Dear Alison, I only meant to say: hasn't anyone here ever wondered the same thing that Greer asks, at least once? Despite her somewhat sloppy execution, I do think it's a valid question.

But the comment thread is turning into a collective gossip session on Germaine Greer's person, and I personally have nothing to contribute. I, as I've already explained, don't feel her behaviour as personally as someone truly Australian. I despair over public appearances of certain other people.

Alison Croggon said...

Quite right, Jana. Yes, there is a point; I do wonder when I see performance artists like Orlan, for instance, whether the performance of that femininity is as radical as it aims to be. I can understand why Frances would be peeved with Greer, her views on female-hood are, well, reactionary; but it's better to take issue with her ideas than her persona. And she has been influential, after all. I still value some of her writings.

Anonymous said...

When I was reading a lot of feminism, identity politics and I suppose for a broad term, queer theory, I stumbled across a quite succinct and for me pertinent method of establishing if the author was in fact merely a bigot of the highest order. Greer announced herself thus in "The Mad Woman's somethingorother", Australia's Own Elizabeth Grosz who had a moment in the early 90s as Sydney's answer to Judith Butler (couldn't be further apart) did so in "Volatile Bodies". It remains for me the singular verifier of a writer's worth if they decide to venture into these fields. I do quit literally judge the entire corpus of a writer through this approach.
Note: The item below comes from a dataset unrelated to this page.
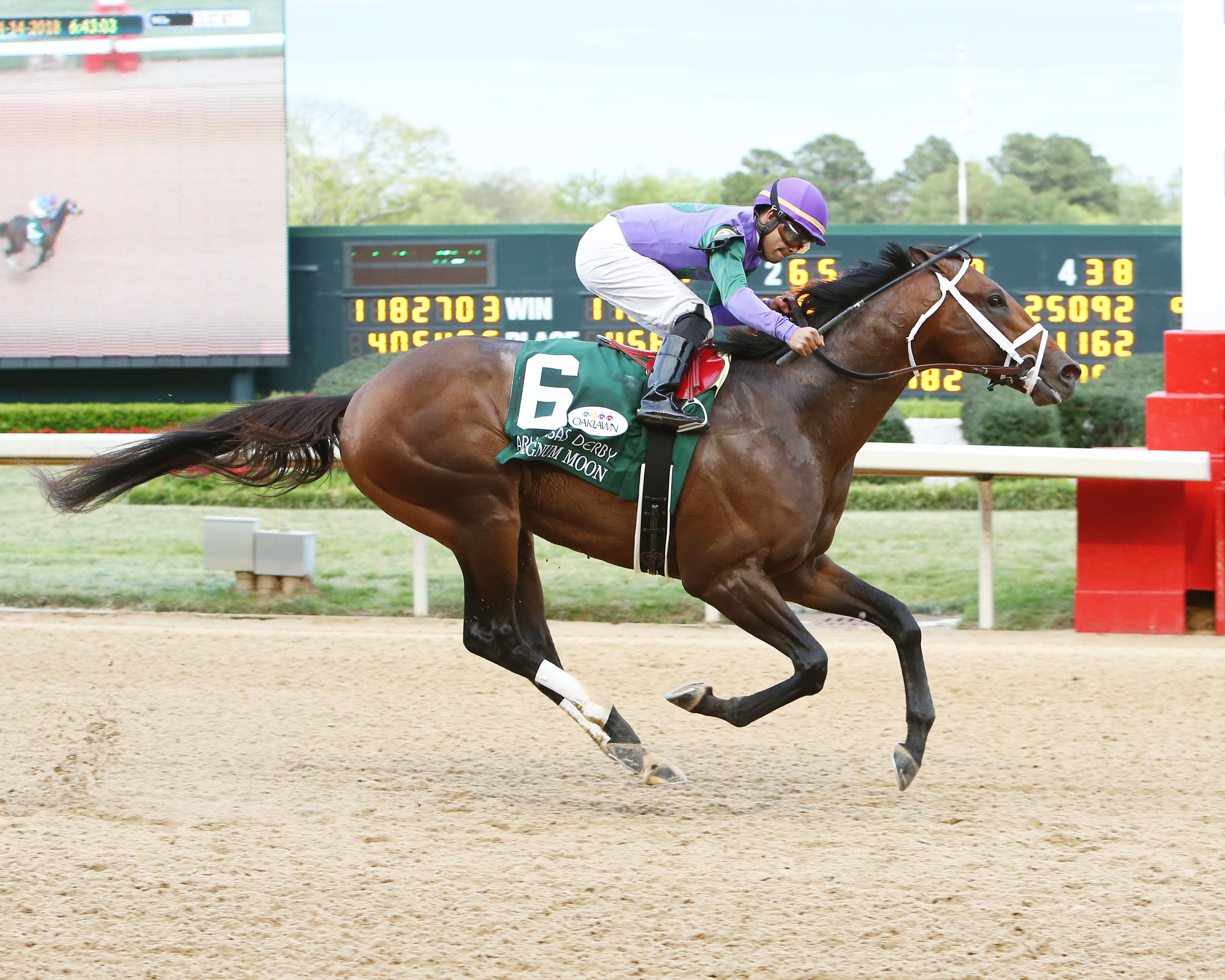 Magnum Moon wins the 2018 Arkansas Derby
While some of her other writings may have different worth (I haven't read much of her and don't intend to), I find it difficult to separate a person from their ideas when the nature of their ideas is to dehumanise an already significantly marginalised group.

I was thinking about Human Rights again this morning and how in denying some group or person these, what it in fact does is negate them as human, as in: "Humans have rights. Having rights is the property of being human. If you don't have rights, you are not human". This is pretty much what Greer does, and for me that's about as unforgivable as you can get.

Unknown said...

i'm surprised, in all the mud-slinging (good old fashioned fun), that no-one's mentioned the highly ridiculous headshot of Germs that accompanies the Guardian article. seems almost too ridiculous to not be self-parodic to me.

a truly strange person. possessed of a kind of insistent, hyper-rational, and volatile naivete. or something. i understand that, as frances says, this can be a very destructive force. but shoot me, i find her foibles fascinating.

Alison Croggon said...

Heh. Reminds me what I didn't say - I can't help enjoying some old fashioned shit stirring, at least if it has some wit (the difference between Germs and our mate Andy Bolt). I'd be hypocritical else.